**Load Library**

In [1]:
import pandas as pd
import numpy as np
import polars as pl
from tqdm import tqdm
from collections import defaultdict

**Load CSV File**

In [3]:
session_train = pd.read_csv('/root/KDDCUP/KDDCUP数据集/sessions_train.csv')
session_test_phase1 = pd.read_csv('/root/KDDCUP/KDDCUP数据集/sessions_test_task1.csv')
session_test_phase2 = pd.read_csv('/root/KDDCUP/KDDCUP数据集/sessions_test_task1_phase1.csv')

**Use pl data type**

In [4]:
session_train = pl.from_pandas(session_train)
session_test_phase1 = pl.from_pandas(session_test_phase1)
session_test_phase2 = pl.from_pandas(session_test_phase2)

**Task1 Only use data from DE, UK and JP Area, Delete the irrelevant ones**

In [5]:
location = ["DE", "UK", "JP"]
session_train = session_train.filter(pl.col("locale").is_in(location))
session_test_phase1 = session_test_phase1.filter(pl.col("locale").is_in(location))
session_test_phase2 = session_test_phase2.filter(pl.col("locale").is_in(location))
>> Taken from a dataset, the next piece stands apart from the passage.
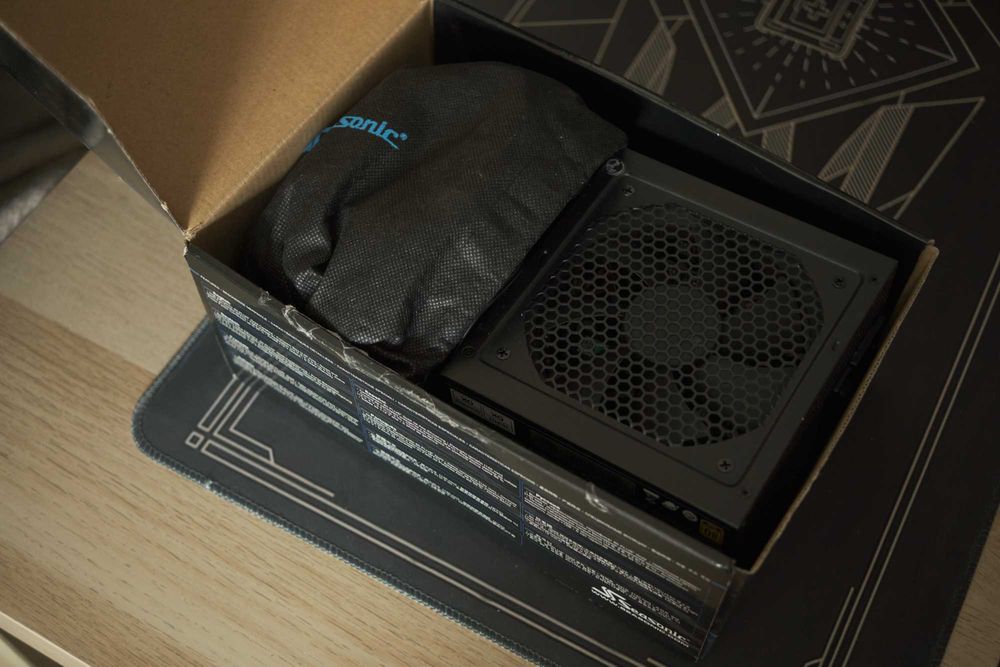 Sursa Semi-modulara 850W Seasonic G12GM 80+ Gold PSU ATX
**Have a look with the data we found that session_test_phase1/2.prev_item contains characters only, not list of characters**

In [6]:
session_train.head()

prev_items,next_item,locale
str,str,str
"""['B09W9FND7K' 'B09JSPLN1M']""","""B09M7GY217""","""DE"""
"""['B076THCGSG' 'B007MO8IME' 'B0…","""B001B4THSA""","""DE"""
"""['B0B1LGXWDS' 'B00AZYORS2' 'B0…","""B0767DTG2Q""","""DE"""
"""['B09XMTWDVT' 'B0B4MZZ8MB' 'B0…","""B0B4R9NN4B""","""DE"""
"""['B09Y5CSL3T' 'B09Y5DPTXN' 'B0…","""B0BGVBKWGZ""","""DE"""


**Therefore, furter step is needed**

In [7]:
%%time
session_train = session_train.with_columns(
    pl.col("prev_items")
    .str.replace_all(r"[\[\]']", "")  # Remove [ ] and ' 
    .str.split(" ")  # Return a list of strings
    .alias("prev_items")
)

session_test_phase1 = session_test_phase1.with_columns(
    pl.col("prev_items")
    .str.replace_all(r"[\[\]']", "")
    .str.split(" ")
    .alias("prev_items")
)

session_test_phase2 = session_test_phase2.with_columns(
    pl.col("prev_items")
    .str.replace_all(r"[\[\]']", "")
    .str.split(" ")
    .alias("prev_items")
)


CPU times: user 1.38 s, sys: 165 ms, total: 1.54 s
Wall time: 1.54 s


**Create the sessin id**

In [8]:
session_train = session_train.with_columns(pl.Series(name="session_id", values=["train_" + str(i) for i in range(len(session_train))]))
session_test_phase1 = session_test_phase1.with_columns(pl.Series(name="session_id", values=["test_phase1_" + str(i) for i in range(len(session_test_phase1))]))
session_test_phase2 = session_test_phase2.with_columns(pl.Series(name="session_id", values=["test_phase2_" + str(i) for i in range(len(session_test_phase2))]))

**Done, save them**

In [10]:
session_train.write_parquet('/root/KDDCUP/KDDCUP_DATA_CLEANED/task1_session_train.parquet')
session_test_phase1.write_parquet('/root/KDDCUP/KDDCUP_DATA_CLEANED/task1_session_test_phase1.parquet')
session_test_phase2.write_parquet('/root/KDDCUP/KDDCUP_DATA_CLEANED/task1_session_test_phase2.parquet')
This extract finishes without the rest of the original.